C:\Users\username\AppData\Local\Programs\Python\Python39\python.exe -m venv 'se_env'

ShellScript

2. Installing required libraries

Since we’ll be using a fair amount of libraries, it’s easier for us and for the final user to define a requirements.txt file, the reason being we can quickly install all dependencies with a single pip command.

The requirements.txt file will be located inside our project folder, sentiment-analysis-with-python, and will contain the following packages:

customtkinter
xlsxwriter
matplotlib
nltk
numpy
pandas
polars
pyarrow
pyinstaller
scikit-learn
seaborn
spyder-kernels
textblob
tk
tomli
wordcloud

We can then activate our virtual environment from within the main project folder on the current terminal session and install all the dependencies. We must remember that Activate.ps1 is meant for PowerShell; other shells have their own activate script.

Code

se_env/Scripts/Activate.ps1

ShellScript

pip install -r requirements.txt

ShellScript

Implementing the main components

Once we have a good understanding of the project’s general structure and packages, we can implement the main modules, classes, and functions; this way, we have clarity of what goes where.

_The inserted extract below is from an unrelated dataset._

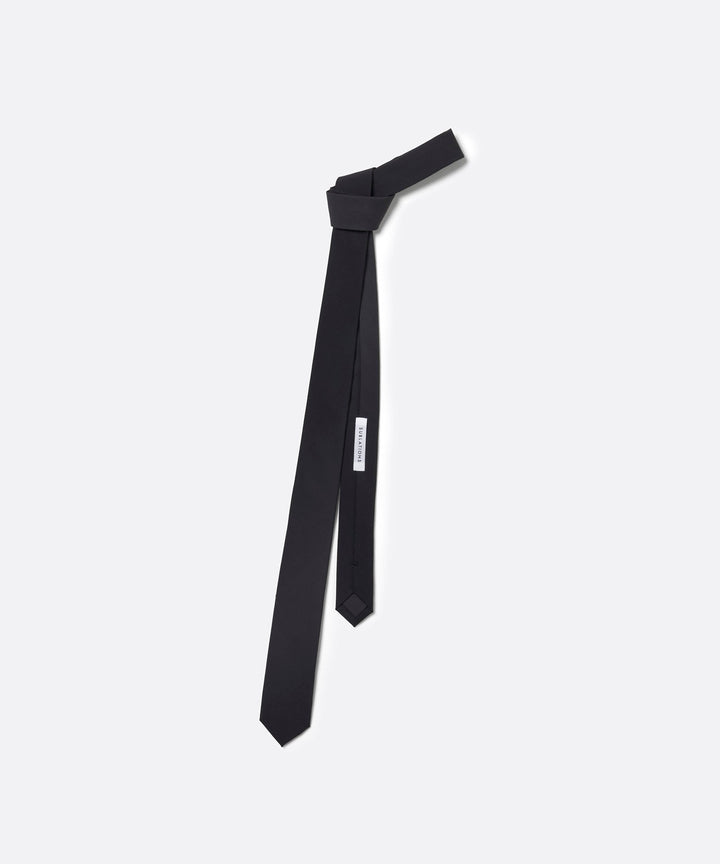 SUBLATIONS サブレーションズの26SSのKIVULI PRINT NARROW TIEの公式通販サイトsession福岡セレクトショップ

There are multiple ways of approaching this step:

Implementing classes and functions using placeholders: Each class and function is followed by a temporary pass statement upon initial writing. When we need to write the class or function, we simply remove the temporary statement and write our code. This approach works better when we add docstrings for each definition; it helps us remember and clarify what the definition is for.
Implementing boilerplate code: Boilerplate code is code repeated in multiple places with little to no variation; if we declare a child class that inherits from a parent class, we would declare the class itself, including an __init__(self) method, and a call the parent class by including a super().__init__(self) method.
Implementing pseudocode: An artificial and informal language usually comprised of simpler code and comments. It helps clarify what we intend to do with our classes and functions but is not necessarily executable to the full extent.
Implementing skeletons: Similar to pseudocode, skeleton programming consists of a simpler version of our intended code, though it differs in that it can be compiled without errors.

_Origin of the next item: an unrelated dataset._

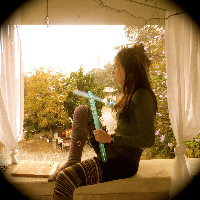 Profile avatar image for StingingNettle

For this example, we’ll combine the first two approaches and reason the code as we move forward.

1. Modules

Each package will have multiple files inside, each one representing a module. For each module, we will follow the snake case format with single leading underscore practice _module.py, where each file representing a module will be signaled as an internal module; a single leading underscore in front of a variable, a function, or a method name means that these objects are used internally. This also means that when importing modules using a wildcard *, these will not be imported.

We will start by creating our modules inside each src package and defining boilerplate code inside them. Our definitions will not make much sense now, but will serve as our project’s skeleton and will be explained later on:

1.1 Application

application
│   _app.py

Main structure for _app.py:

Code

# Third-party packages
import customtkinter
import matplotlib
import matplotlib.pyplot as plt
import tkinter

# Built-in packages
import os
import shutil
import time
import warnings
warnings.filterwarnings("ignore")

# Internal packages
import utils
import sentiment_analysis

# Define classes and functions
class SetGlobalParams(utils.GetParameters):
    '''
    DOT (Data Transfer Object) Class:
    - Set global parameters for all ctinker objects.
    '''
    def __init__(self, *args, **kwargs):
        super().__init__(*args, **kwargs)

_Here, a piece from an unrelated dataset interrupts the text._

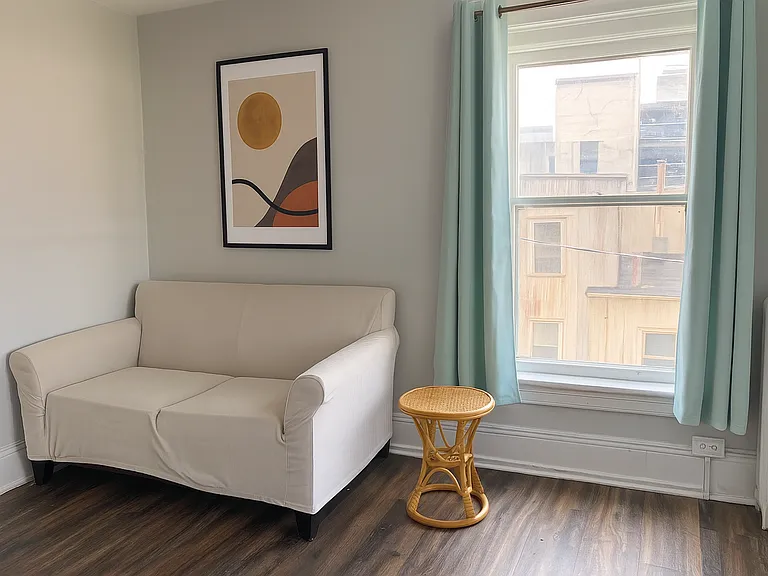 308 E Seneca St — Photo 28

class HelpPrompt(SetGlobalParams,
                 customtkinter.CTkToplevel):
    '''
    HelpPrompt class:
        - Display Help prompt when required.
    '''
    def __init__(self, *args, **kwargs):
        super().__init__(*args, **kwargs)

class AboutPrompt(SetGlobalParams,
                  customtkinter.CTkToplevel):
    '''
    AboutPrompt class:
        - Display About prompt when required.
    '''
    def __init__(self, *args, **kwargs):
        super().__init__(*args, **kwargs)

class MainApplication(SetGlobalParams,
                      customtkinter.CTk,
                      sentiment_analysis.SentimentAnalysis):
    '''
    MainApplication class:
        - Main GUI for SentimentAnalysis Application
    '''
    def __init__(self, *args, **kwargs):
        super().__init__(*args, **kwargs)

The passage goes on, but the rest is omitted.